On the UK side, the country is totally unprepared for the economic impact of leaving the single market.

Evans – Pritchard concludes “What is clear is that the EU and the UK are now living in a parallel universe. This has the makings of a suspense thriller.”

Suspense thriller or not, both parties could do worse than read Jim Collins’s classic work Good To Great and apply the principle - Confront the brutal facts.

We live in an age of knowledge and information; however, it is of little use if we do not do believe what we know to be true. High quality leaders get the information; accept the facts; and, act.   Information comes to the leaders of organisations in a variety of ways.

Surveys and other research techniques can provide data, but often the most critical and most important information comes from people within the organisation, if there exists a climate where information can flow freely.

During the Second World War, Winston Churchill established a department that was entirely outside of the normal chain of command; he called it the Statistical Office and the primary responsibility of the office was to provide him with information that was up-to-date and unfiltered.

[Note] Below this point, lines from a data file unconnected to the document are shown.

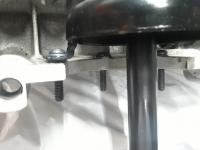 Sump bolt solution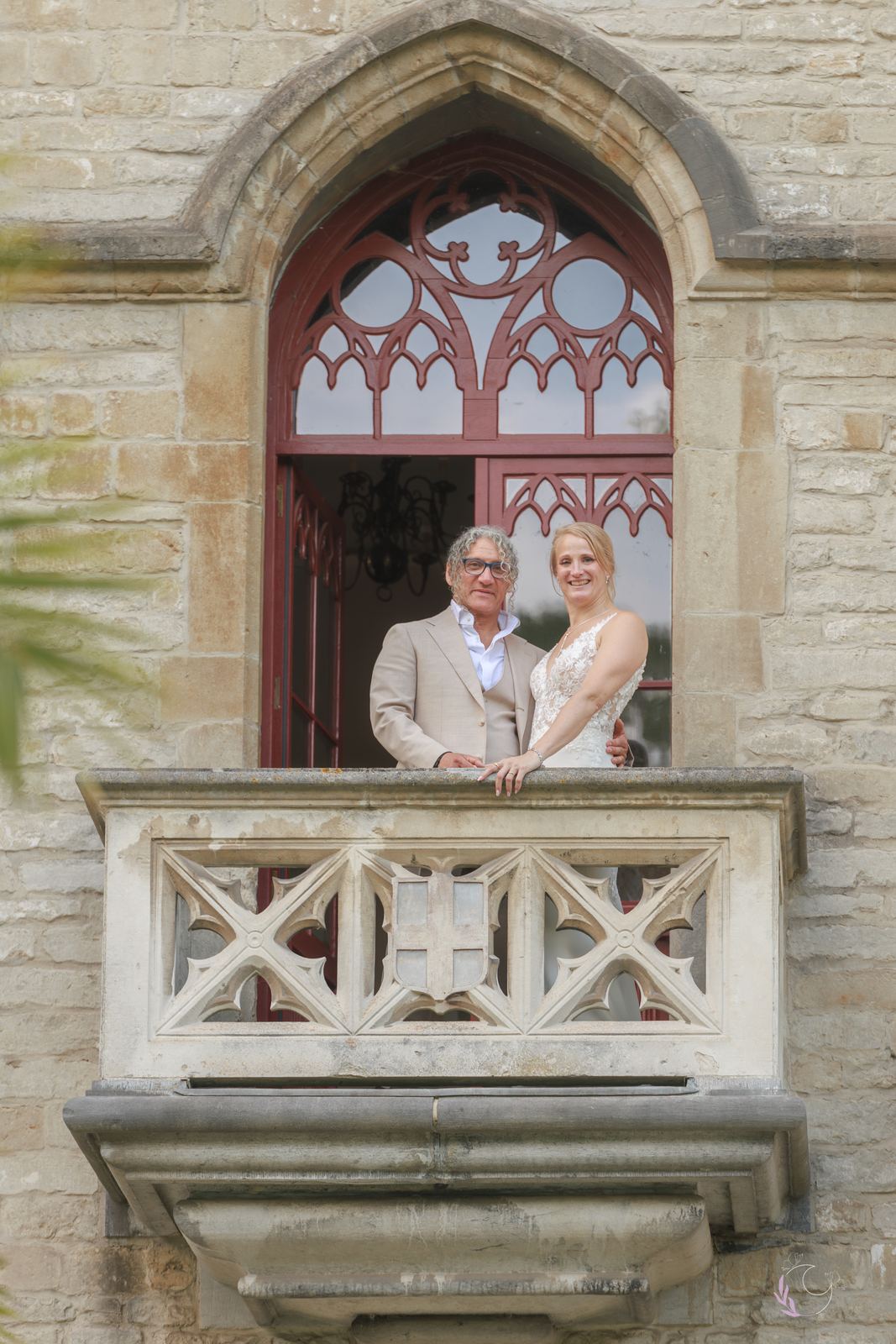 Les mariés au balcon du château, sous une fenêtre gothique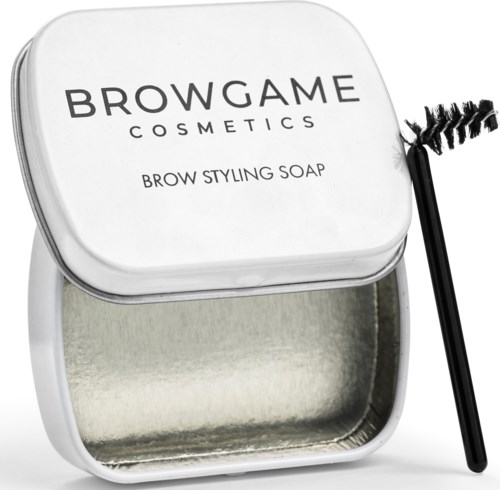 A white container labeled 'BROWNGAME COSMETICS' with a brow styling soap and a mascara wand beside it.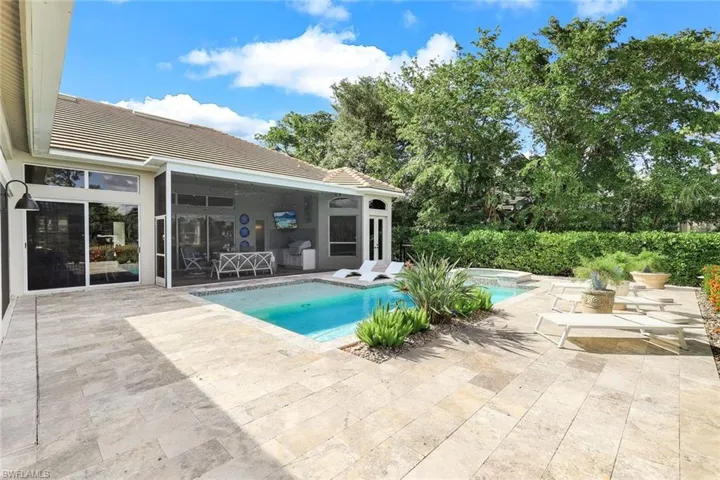 View of swimming pool with a sunroom, a patio area, and a jacuzzi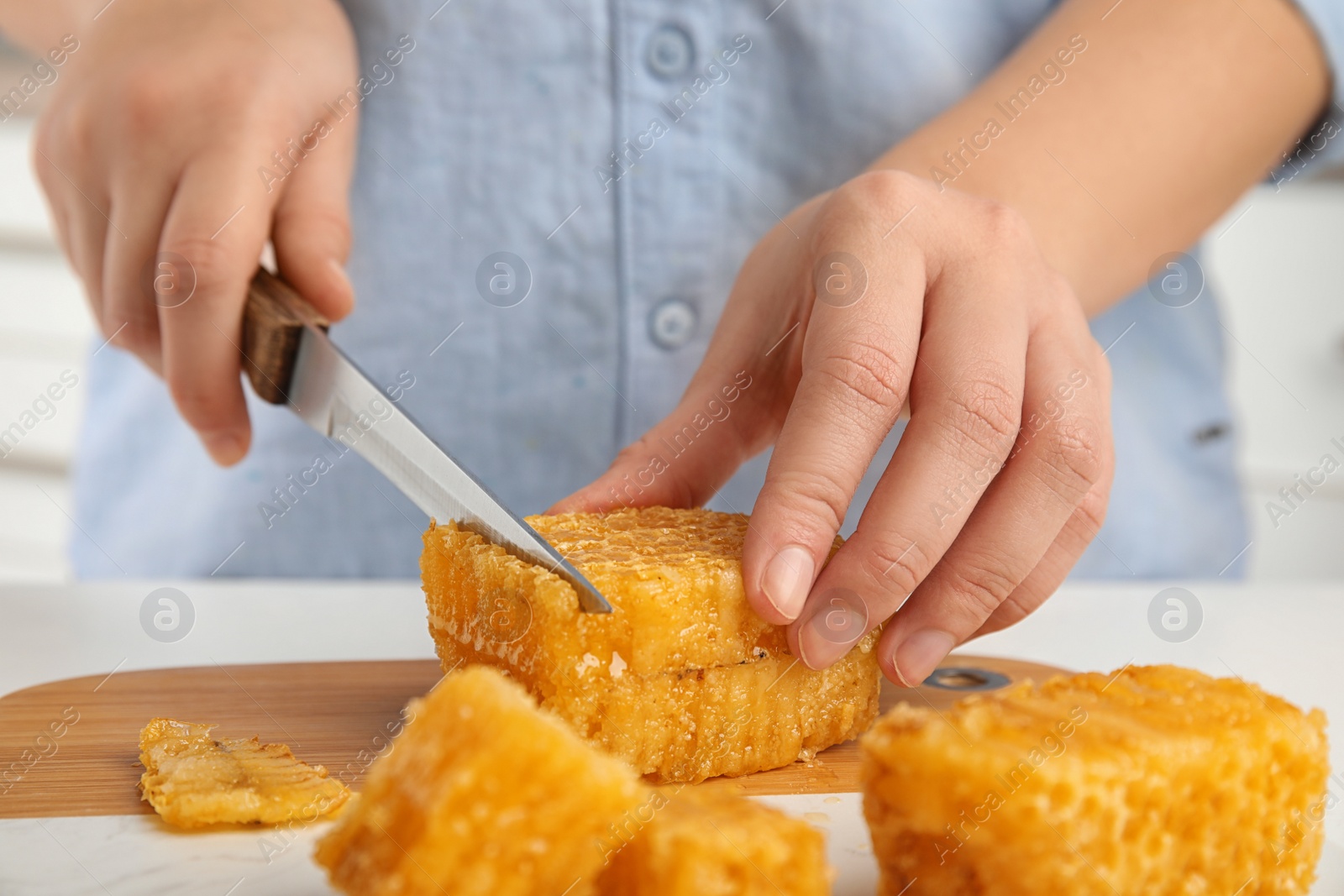 Photo of Woman cutting fresh honeycomb at table, closeup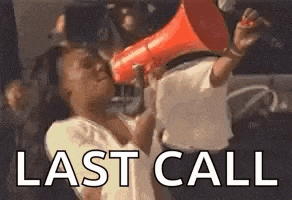 a woman is holding a megaphone in her hand and shouting .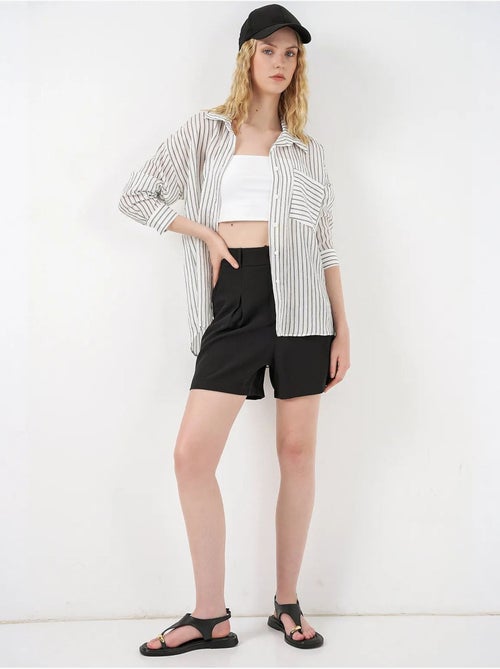 Camisa oversized às riscas com abotoamento frontal bdart - Kiabi Camisa oversized às riscas com abotoamento frontal bdart - Kiabi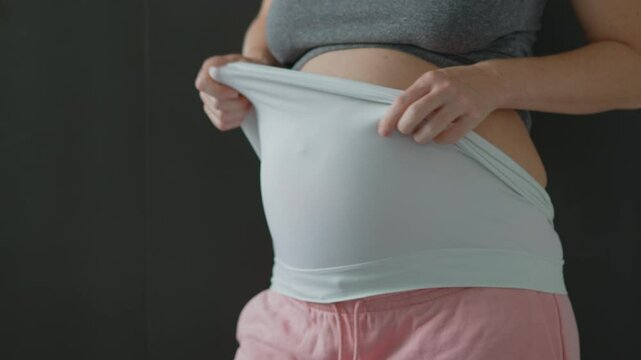 Pregnant bliss: Mom-to-be embraces her baby bump with a soft fabric bandage, providing gentle support. Maternity made comfortable. Slowmotion video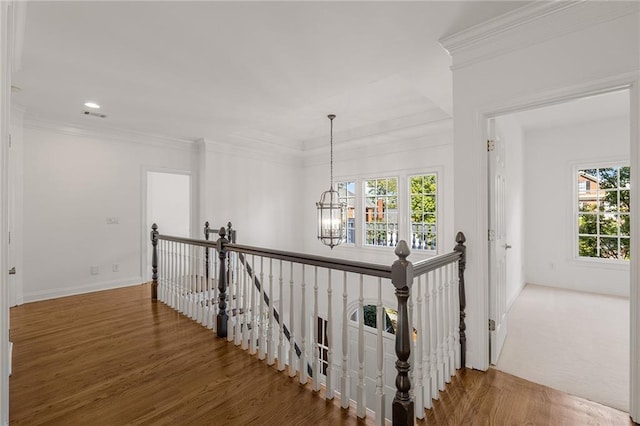 staircase featuring an inviting chandelier, hardwood / wood-style floors, a wealth of natural light, and crown molding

Churchill created a climate of truth from which he could confront the brutal facts.

While it is unlikely that Prime Minister May/EU Commissioner Junker will create a “Statistical Office”, there are other ways they could create a climate of truth including:

• using questions, such as why, to gain understanding

• encouraging dialogue and debate where people are engaged in a search for the best answers

• discussing mistakes openly, without blame, to seek understanding and learning

• building mechanisms that force leaders and negotiators to pay attention to information.

Sadly even though there is so much at stake it is very unlikely that both negotiation parties will do this primarily as they are too prejudiced and too complacent.